Grammar schools are not the answer. They will help more gifted children but what about well behaved less able children? Do they have to put up with disruptive behaviour?

Yes! And also the very able pupils whose uneducated parents do not know the system! That was me. Top of my year by far, interviewed at Oxbridge, got a PhD now, but from a poor area, poor family, free school meals etc etc. I actually had a grammar school nearby. My parents didn't even realise it was an option. Even if they had, they would have never have dreamed of travelling 20-30 mins to take me to school when the local school bus stopped at the end of my road. Grammar schools cream off those who would likely do well anyway, and leave pupils like me in worse schools as a result... and so social mobility gets tougher and tougher. It really isn't just about (or even mostly about) ability.

Well, that was not the system in Germany. Everyone knew of gymnasiums and you automatically got allocated one near you after primary school. No entrance exams, no tutoring, no craziness. There were kids from extremely poor families there because they were free. You didn't have to pay in any way to get in.
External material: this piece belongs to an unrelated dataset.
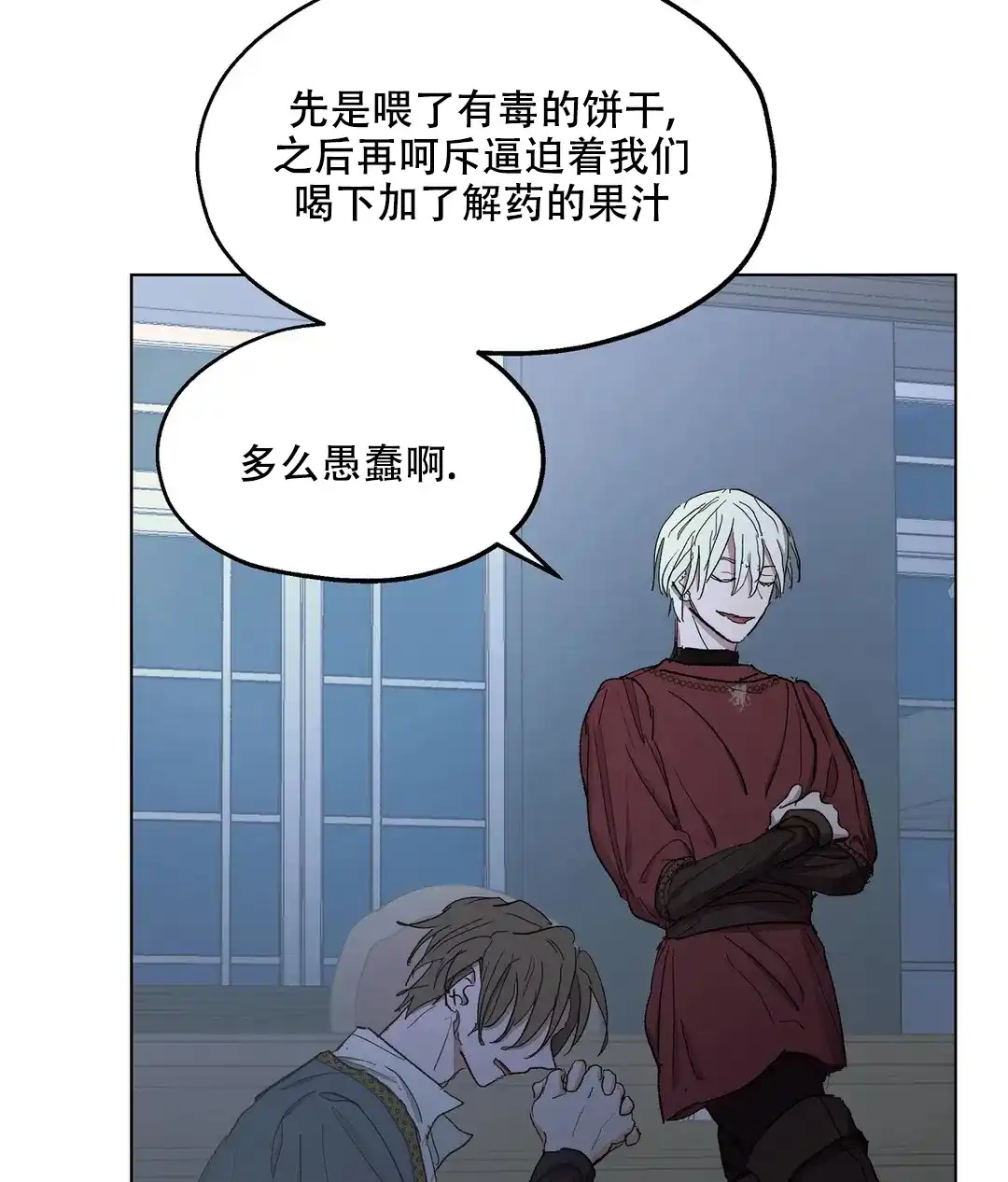 傲慢的奥托一世 第87话 第23页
HereBeFuckery · 28/09/2022 21:44

BeanieTeen · 28/09/2022 18:46

I think teachers aren’t to blame if it’s a whole school problem. Some disruption is obviously expected that’s normal, but not what you’ve described. The problem starts at the top, with an ineffective behaviour policy and lack of support from management. With what you’ve described, I say the headteacher is a bit of a jobs worth.
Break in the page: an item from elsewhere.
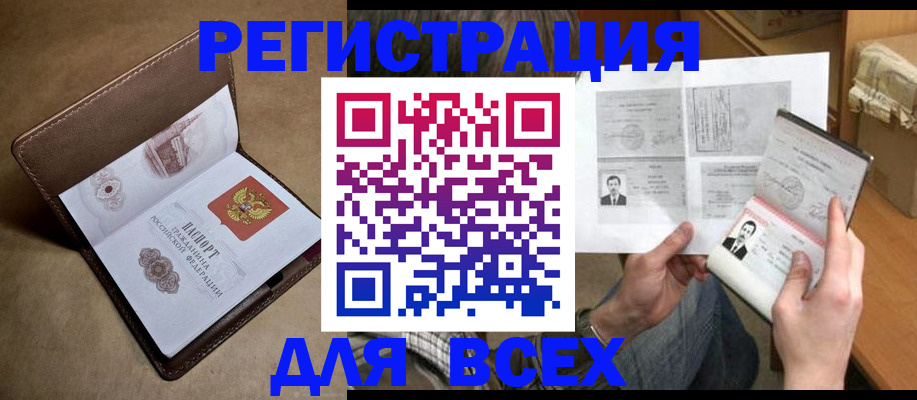 временная регистрация поиск в Усмани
The problem starts at home. Kids who are taught that feral behaviour is okay, shown feral behaviour by parents or allowed to run riot because parents are absent (literally or just checked out). You can't, in a six hour school day, 175 days out of 365, force normal behaviour on kids who have parents who condone their utter lack of respect. Not unless you abandon all other subjects on the curriculum and only teach them how to behave. There isn't time.

Benjispruce4 · 28/09/2022 21:47

It’s a home issue for sure. Couple that with schools having less power to suspend/expel.